» WHAT IS REQUIRED
Output all of the lines below exactly, and leave out each image.

» INFORMATION SHOWN
+ + + + +
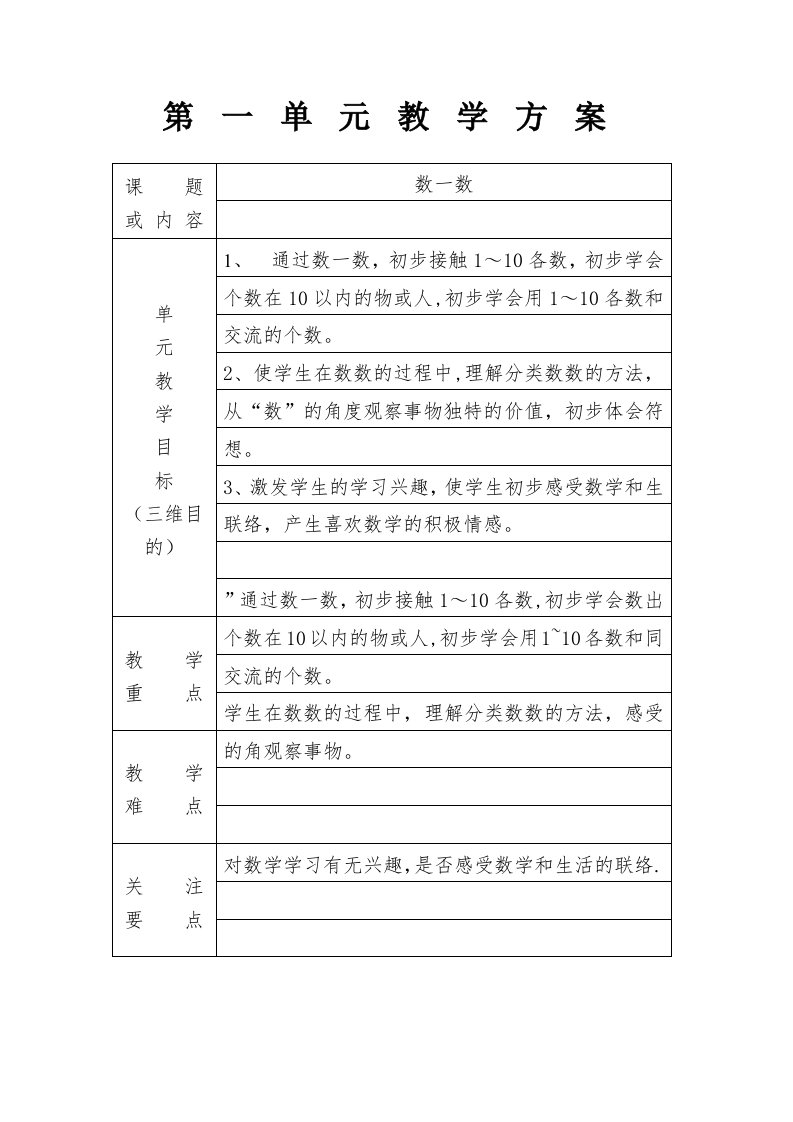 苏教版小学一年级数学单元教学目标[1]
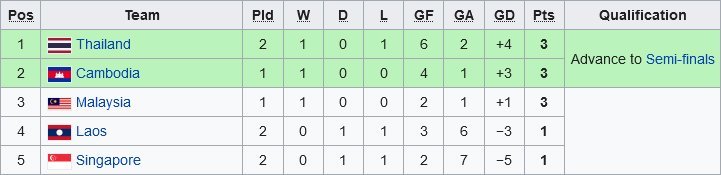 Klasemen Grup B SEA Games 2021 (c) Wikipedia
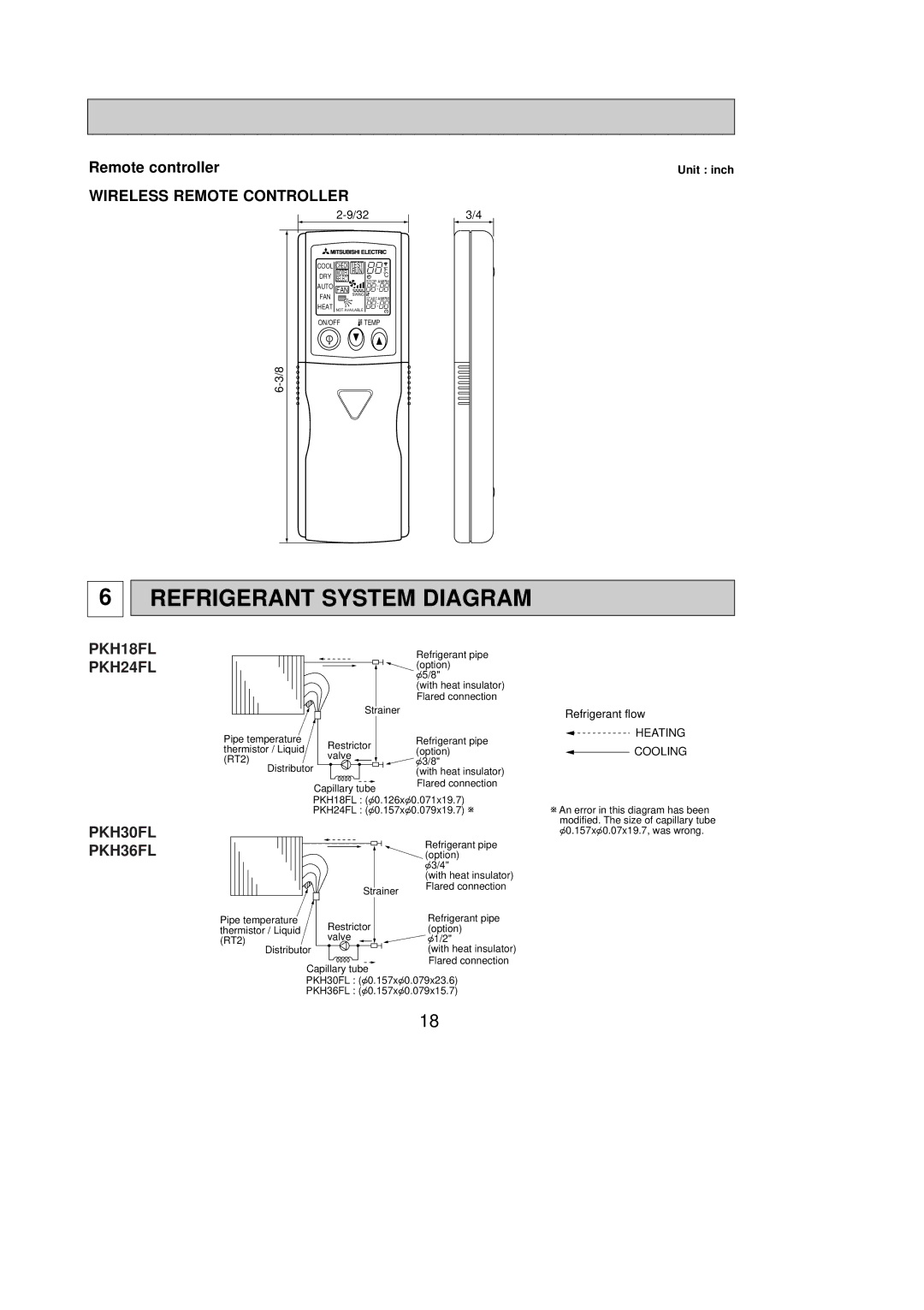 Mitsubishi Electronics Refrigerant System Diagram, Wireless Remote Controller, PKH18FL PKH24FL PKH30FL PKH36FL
+ + + + +
» OUTPUT FOR THIS TASK
 苏教版小学一年级数学单元教学目标[1]
 Klasemen Grup B SEA Games 2021 (c) Wikipedia
 Mitsubishi Electronics Refrigerant System Diagram, Wireless Remote Controller, PKH18FL PKH24FL PKH30FL PKH36FL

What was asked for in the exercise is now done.